The tentative list of courses will be added shortly.

Error Correcting Codes

Instructor: Mrinal Kumar

Course description

The problem of storing and transmitting data effectively in the presence of noise is a fundamental problem of interest at the intersection of computer science, engineering and mathematics. Ideally, we would like communication and storage schemes that allow us to efficiently recover the original information even if a part of the data is corrupted, for instance, if your DVD has some scratches, or if some of the packets are dropped while being transmitted over the internet.

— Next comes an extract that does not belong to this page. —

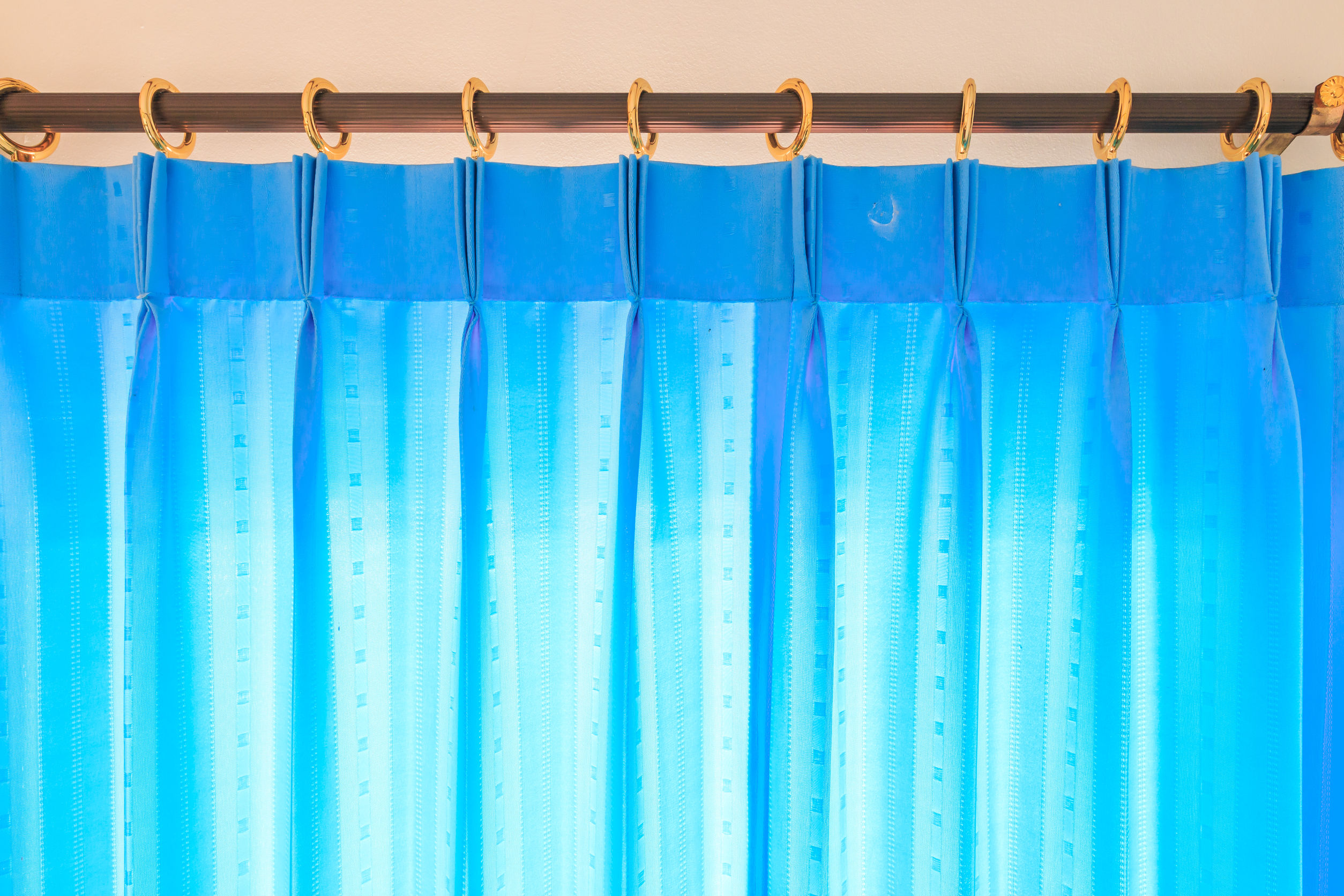 Tips for Maintaining Automatic Curtains in Thrall, TX.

Error correcting codes are mathematical objects designed to solve precisely these problems. The foundations of the theory of error correcting codes (or simply coding theory) emerged from the beautiful and profound works of Shannon and Hamming in the 1940’s. This course will be a gentle introduction to this world of error correcting codes. We will discuss what these objects are, why they are of interest, and talk about some examples of codes and their properties.

Prerequisites

Basic linear algebra, discrete probability and undergraduate algorithms.

Algorithms on Graphs

Instructors: Umang Bhaskar and Juhi Chaudhary

Course description

Social networks, financial networks, road networks, computer networks, neural networks - these are only some of the networks we encounter in our lives. Graphs are a mathematical abstraction for studying networks. In this course we’ll look at some of these networks, and study algorithms for analysing them. Topics we will cover include matchings, maximum flows, minimum cuts (and other types of cuts), planarity in graphs, and games on graphs.

Prerequisites

Basic linear algebra and discrete math. A course in undergraduate algorithms or graph theory would be useful but is not required.

Introduction to Quantum Computing

Instructor: Piyush Srivastava

Course description

This course will be a short introduction to computational phenomena arising from quantum mechanics, and their contrast with classical computation.

Prerequisites

1. Basic undergraduate linear algebra and probability.

2. It might help to have some experience of programming (in any programming language)

3. No prior background in quantum mechanics or physics will be required, but some knowledge of basic class 12 level physics will be helpful.

Gems in Computer Science

Instructors: TBA

Course description

This course will be an assorted list of wonderful gems in the field of computer science spanning a wide range of topics.